• [Work to complete] Where does the string "Black" occur in the entries below? Copy every line where it does.

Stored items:
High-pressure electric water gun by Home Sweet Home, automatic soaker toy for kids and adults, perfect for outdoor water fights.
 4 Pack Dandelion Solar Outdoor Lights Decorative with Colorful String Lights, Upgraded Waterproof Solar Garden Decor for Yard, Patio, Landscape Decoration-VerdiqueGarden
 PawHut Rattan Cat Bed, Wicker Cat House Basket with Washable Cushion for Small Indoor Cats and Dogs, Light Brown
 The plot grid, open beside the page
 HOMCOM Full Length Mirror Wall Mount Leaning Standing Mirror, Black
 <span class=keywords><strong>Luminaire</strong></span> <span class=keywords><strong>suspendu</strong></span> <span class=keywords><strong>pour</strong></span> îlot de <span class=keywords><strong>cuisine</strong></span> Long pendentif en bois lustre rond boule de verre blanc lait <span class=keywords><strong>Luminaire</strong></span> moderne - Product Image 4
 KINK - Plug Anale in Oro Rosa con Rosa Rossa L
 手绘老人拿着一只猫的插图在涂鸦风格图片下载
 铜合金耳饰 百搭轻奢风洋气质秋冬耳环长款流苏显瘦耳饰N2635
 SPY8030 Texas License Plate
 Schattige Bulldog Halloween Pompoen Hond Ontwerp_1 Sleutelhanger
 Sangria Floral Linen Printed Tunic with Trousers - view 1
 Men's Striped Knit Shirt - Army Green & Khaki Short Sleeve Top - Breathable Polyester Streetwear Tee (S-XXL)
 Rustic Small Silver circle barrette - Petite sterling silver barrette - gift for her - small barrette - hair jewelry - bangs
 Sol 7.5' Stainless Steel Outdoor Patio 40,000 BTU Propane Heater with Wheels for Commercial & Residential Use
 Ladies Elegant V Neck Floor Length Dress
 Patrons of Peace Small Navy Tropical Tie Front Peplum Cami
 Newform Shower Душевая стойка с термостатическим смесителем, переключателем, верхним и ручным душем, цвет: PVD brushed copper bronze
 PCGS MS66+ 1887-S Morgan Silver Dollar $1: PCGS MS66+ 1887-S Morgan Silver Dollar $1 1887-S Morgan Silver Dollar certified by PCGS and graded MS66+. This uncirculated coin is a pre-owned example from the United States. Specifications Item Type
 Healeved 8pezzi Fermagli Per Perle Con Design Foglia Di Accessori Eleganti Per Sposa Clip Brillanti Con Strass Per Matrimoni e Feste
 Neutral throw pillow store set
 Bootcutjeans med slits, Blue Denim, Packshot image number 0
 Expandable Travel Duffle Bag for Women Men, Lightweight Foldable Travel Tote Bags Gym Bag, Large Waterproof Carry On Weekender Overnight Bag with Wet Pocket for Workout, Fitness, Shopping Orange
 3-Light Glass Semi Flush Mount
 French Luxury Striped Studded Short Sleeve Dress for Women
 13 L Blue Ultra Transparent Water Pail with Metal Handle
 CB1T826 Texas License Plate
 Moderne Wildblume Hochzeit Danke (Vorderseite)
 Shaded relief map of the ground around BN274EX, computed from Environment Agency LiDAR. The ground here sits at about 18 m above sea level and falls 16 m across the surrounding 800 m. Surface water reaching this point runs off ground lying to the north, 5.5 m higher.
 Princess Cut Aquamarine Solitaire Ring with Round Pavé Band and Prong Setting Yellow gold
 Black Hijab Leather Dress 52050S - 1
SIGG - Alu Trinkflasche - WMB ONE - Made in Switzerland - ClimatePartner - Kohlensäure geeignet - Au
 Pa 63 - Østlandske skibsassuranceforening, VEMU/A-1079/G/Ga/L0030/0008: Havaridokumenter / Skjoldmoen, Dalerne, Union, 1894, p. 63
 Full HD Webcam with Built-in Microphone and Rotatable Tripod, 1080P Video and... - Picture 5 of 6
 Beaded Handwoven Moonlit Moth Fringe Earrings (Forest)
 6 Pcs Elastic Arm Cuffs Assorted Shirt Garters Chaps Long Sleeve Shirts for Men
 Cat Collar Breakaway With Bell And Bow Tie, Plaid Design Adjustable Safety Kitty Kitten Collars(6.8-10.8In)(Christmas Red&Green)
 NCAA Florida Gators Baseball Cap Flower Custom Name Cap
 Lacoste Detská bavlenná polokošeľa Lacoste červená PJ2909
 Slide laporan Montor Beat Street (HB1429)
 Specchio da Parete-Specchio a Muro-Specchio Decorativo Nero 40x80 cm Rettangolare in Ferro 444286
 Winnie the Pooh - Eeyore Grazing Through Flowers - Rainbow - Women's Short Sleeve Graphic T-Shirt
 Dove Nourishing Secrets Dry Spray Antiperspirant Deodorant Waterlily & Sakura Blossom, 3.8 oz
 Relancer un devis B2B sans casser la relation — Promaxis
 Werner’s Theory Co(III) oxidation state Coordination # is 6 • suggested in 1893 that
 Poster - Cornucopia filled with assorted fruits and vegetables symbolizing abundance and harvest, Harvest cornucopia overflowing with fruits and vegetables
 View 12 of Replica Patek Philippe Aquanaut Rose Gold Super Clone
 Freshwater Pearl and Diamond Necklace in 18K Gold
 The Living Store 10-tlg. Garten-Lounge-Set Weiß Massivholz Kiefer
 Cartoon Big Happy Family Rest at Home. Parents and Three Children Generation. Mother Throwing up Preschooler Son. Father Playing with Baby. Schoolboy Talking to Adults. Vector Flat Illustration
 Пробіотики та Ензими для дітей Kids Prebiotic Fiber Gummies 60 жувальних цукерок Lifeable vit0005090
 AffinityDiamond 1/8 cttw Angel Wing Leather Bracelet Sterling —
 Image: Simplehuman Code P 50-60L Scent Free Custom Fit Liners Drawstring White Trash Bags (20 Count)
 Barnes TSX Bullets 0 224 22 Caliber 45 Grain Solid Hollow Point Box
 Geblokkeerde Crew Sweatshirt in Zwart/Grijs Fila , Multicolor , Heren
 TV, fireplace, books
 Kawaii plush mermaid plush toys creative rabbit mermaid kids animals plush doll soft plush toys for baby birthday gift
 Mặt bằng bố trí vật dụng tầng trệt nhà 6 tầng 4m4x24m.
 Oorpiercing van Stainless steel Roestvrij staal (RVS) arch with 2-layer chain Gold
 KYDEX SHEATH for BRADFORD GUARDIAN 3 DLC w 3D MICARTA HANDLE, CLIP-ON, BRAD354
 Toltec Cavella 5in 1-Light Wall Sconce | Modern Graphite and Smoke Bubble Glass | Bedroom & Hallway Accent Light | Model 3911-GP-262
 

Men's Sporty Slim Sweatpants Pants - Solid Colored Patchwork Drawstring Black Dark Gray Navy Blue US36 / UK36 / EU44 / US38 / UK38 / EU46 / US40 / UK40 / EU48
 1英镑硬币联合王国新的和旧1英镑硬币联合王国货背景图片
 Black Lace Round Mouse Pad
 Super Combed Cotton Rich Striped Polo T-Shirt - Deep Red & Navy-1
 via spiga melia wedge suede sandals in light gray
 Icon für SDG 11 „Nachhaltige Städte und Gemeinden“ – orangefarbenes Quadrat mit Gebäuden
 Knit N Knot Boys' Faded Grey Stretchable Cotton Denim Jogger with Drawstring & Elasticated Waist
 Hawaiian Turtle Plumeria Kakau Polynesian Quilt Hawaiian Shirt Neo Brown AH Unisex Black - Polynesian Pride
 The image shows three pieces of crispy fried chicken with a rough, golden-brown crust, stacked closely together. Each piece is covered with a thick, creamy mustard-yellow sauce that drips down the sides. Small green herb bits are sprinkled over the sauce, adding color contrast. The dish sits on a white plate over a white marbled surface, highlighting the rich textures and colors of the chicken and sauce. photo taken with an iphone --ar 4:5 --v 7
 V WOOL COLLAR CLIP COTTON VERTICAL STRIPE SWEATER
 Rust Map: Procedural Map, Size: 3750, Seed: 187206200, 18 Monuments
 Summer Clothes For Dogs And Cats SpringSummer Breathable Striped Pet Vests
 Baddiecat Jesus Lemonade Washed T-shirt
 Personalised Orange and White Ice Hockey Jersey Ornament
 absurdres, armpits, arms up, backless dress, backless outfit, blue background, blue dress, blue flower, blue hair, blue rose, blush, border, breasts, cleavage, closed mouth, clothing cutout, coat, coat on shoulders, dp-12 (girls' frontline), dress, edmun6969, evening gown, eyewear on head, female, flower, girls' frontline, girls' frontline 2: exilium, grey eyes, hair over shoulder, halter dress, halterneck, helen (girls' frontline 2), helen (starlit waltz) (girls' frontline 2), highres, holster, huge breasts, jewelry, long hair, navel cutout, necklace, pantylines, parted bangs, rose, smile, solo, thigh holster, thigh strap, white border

• [Expected answer]
 HOMCOM Full Length Mirror Wall Mount Leaning Standing Mirror, Black
 Black Hijab Leather Dress 52050S - 1
Men's Sporty Slim Sweatpants Pants - Solid Colored Patchwork Drawstring Black Dark Gray Navy Blue US36 / UK36 / EU44 / US38 / UK38 / EU46 / US40 / UK40 / EU48
 Black Lace Round Mouse Pad
 Hawaiian Turtle Plumeria Kakau Polynesian Quilt Hawaiian Shirt Neo Brown AH Unisex Black - Polynesian Pride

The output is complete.